◆ ACTION ITEM ◆
Transcribe the entries exactly. Omit the pictures.

= Beginning of Section =

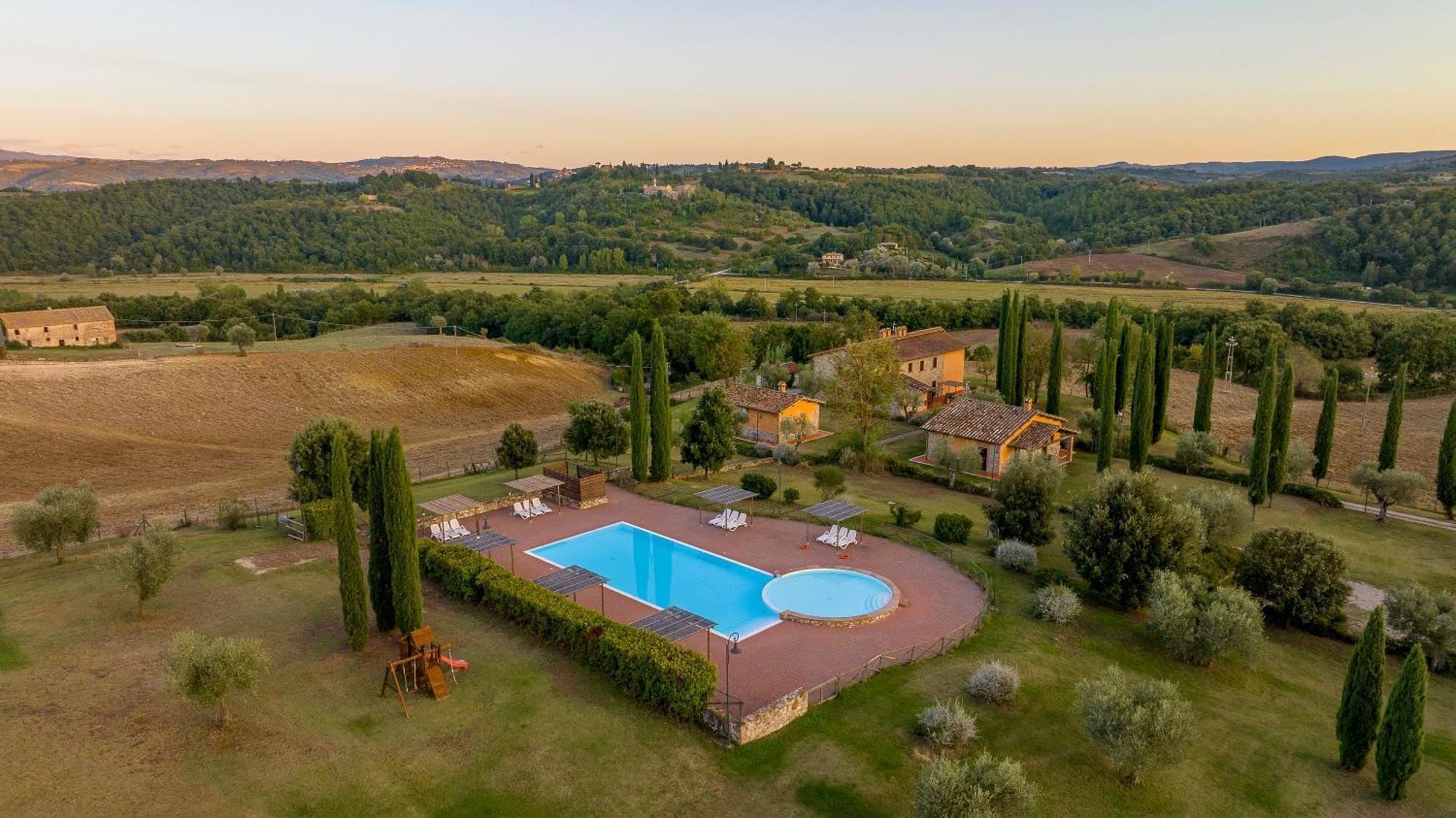 Poggiovalle Tenuta Italiana Guest House Citta della Pieve Exterior photo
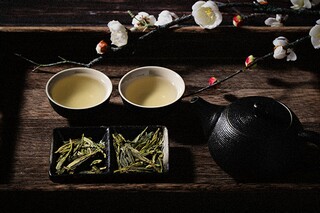 庐山瀑布的诗句（李白写庐山瀑布的诗句）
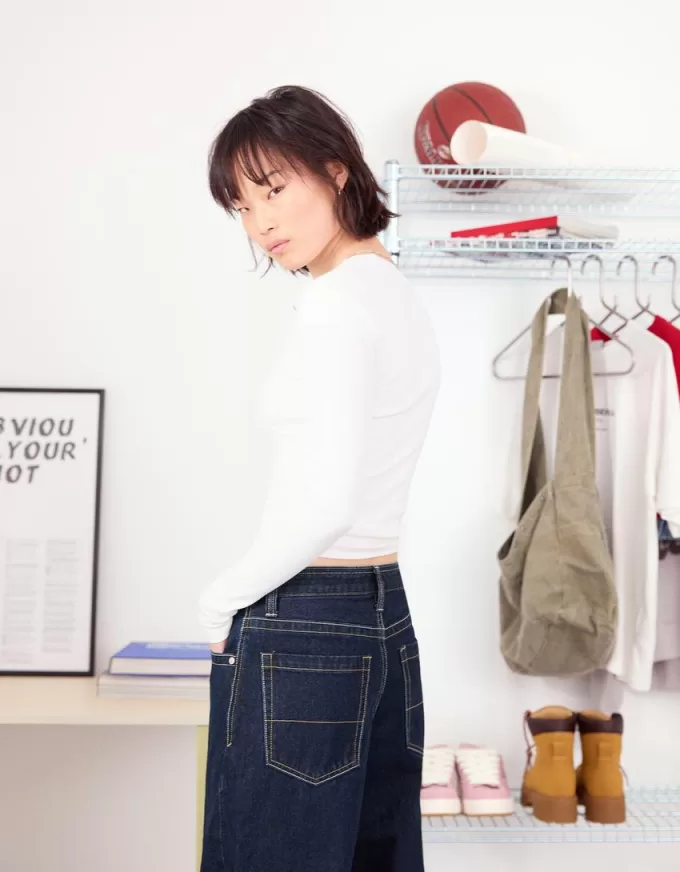 Wide-leg ’90s jeans with turn-up hems Wide-leg ’90s jeans with turn-up hems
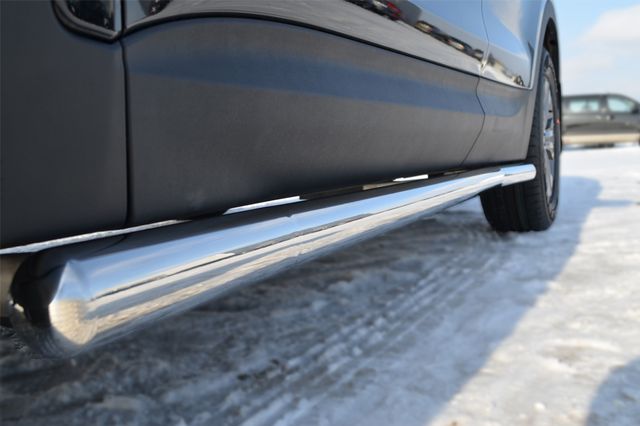 Защита порогов RusStal труба d76 с накладками (вариант 2) для Hyundai ix35 2009-2026. Артикул HIT-0001772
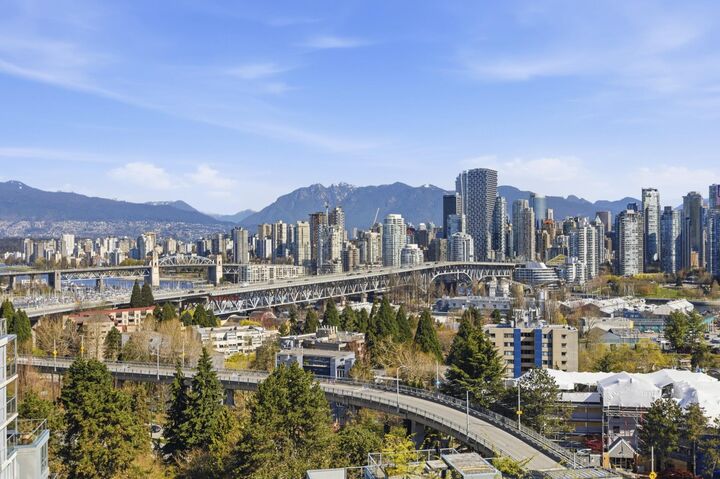 Property Photo: 1428 W 6th Avenue 1303 BC V6H 4H4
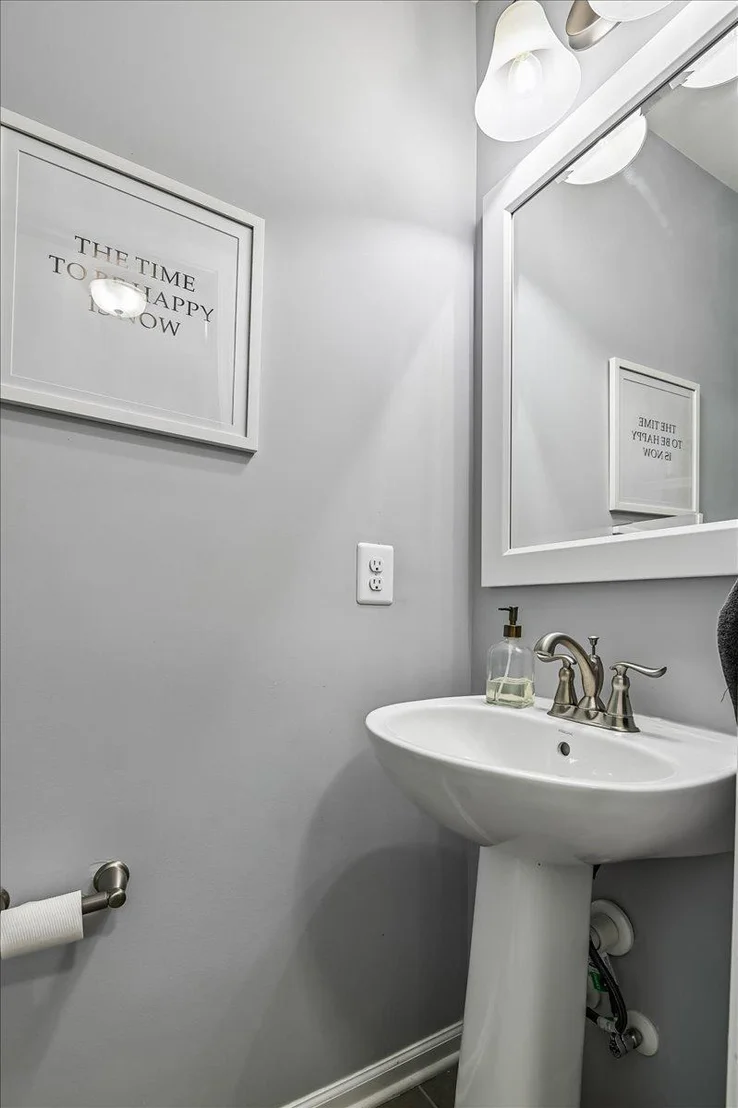 Photo of 8124 MEADOWGATE CIRCLE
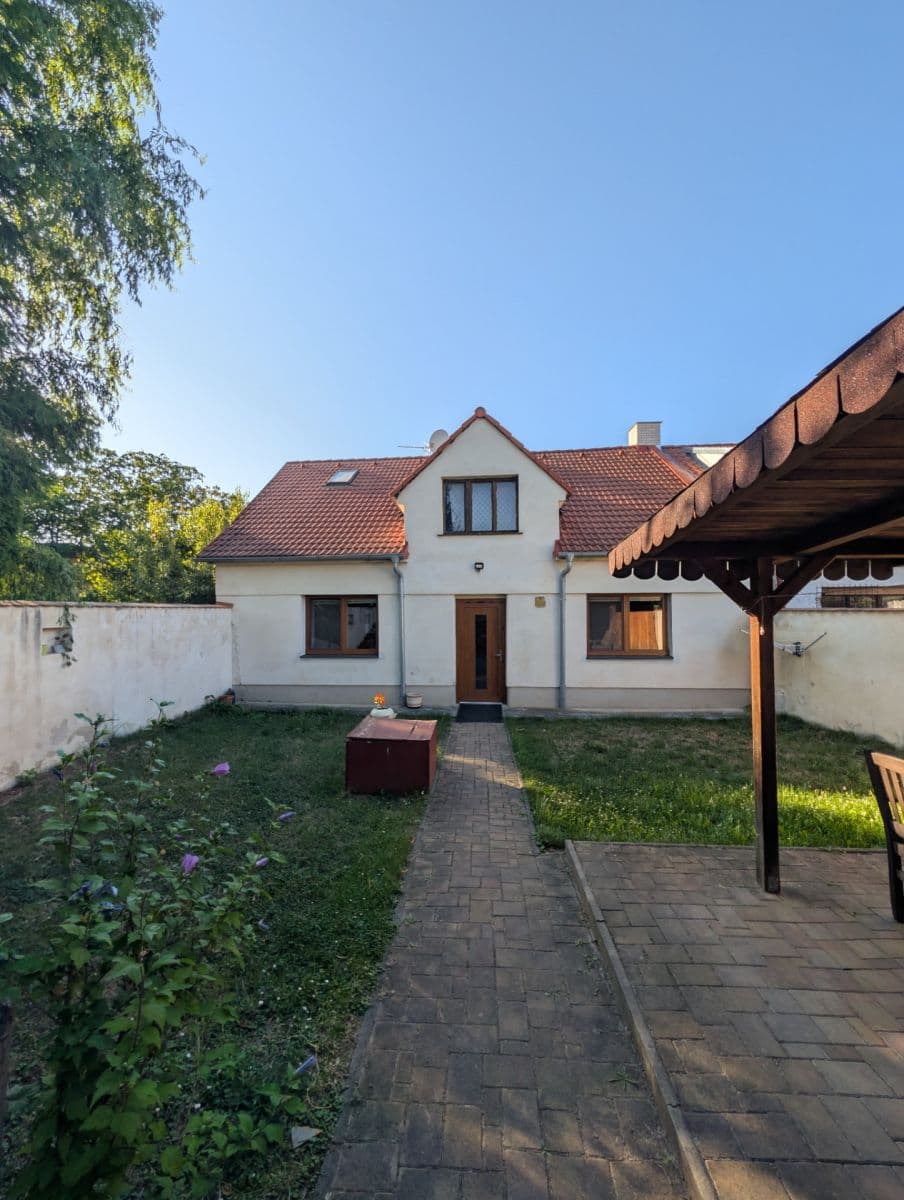 Pronájem domu 100 m², pozemek 247 m², V Poustkách, Mratín, Středočeský kraj Pronájem domu 100 m², pozemek 247 m², V Poustkách, Mratín, Středočeský kraj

= End of Section =

◆ RESPONSE AREA ◆
 Poggiovalle Tenuta Italiana Guest House Citta della Pieve Exterior photo
 庐山瀑布的诗句（李白写庐山瀑布的诗句）
 Wide-leg ’90s jeans with turn-up hems Wide-leg ’90s jeans with turn-up hems
 Защита порогов RusStal труба d76 с накладками (вариант 2) для Hyundai ix35 2009-2026. Артикул HIT-0001772
 Property Photo: 1428 W 6th Avenue 1303 BC V6H 4H4
 Photo of 8124 MEADOWGATE CIRCLE
 Pronájem domu 100 m², pozemek 247 m², V Poustkách, Mratín, Středočeský kraj Pronájem domu 100 m², pozemek 247 m², V Poustkách, Mratín, Středočeský kraj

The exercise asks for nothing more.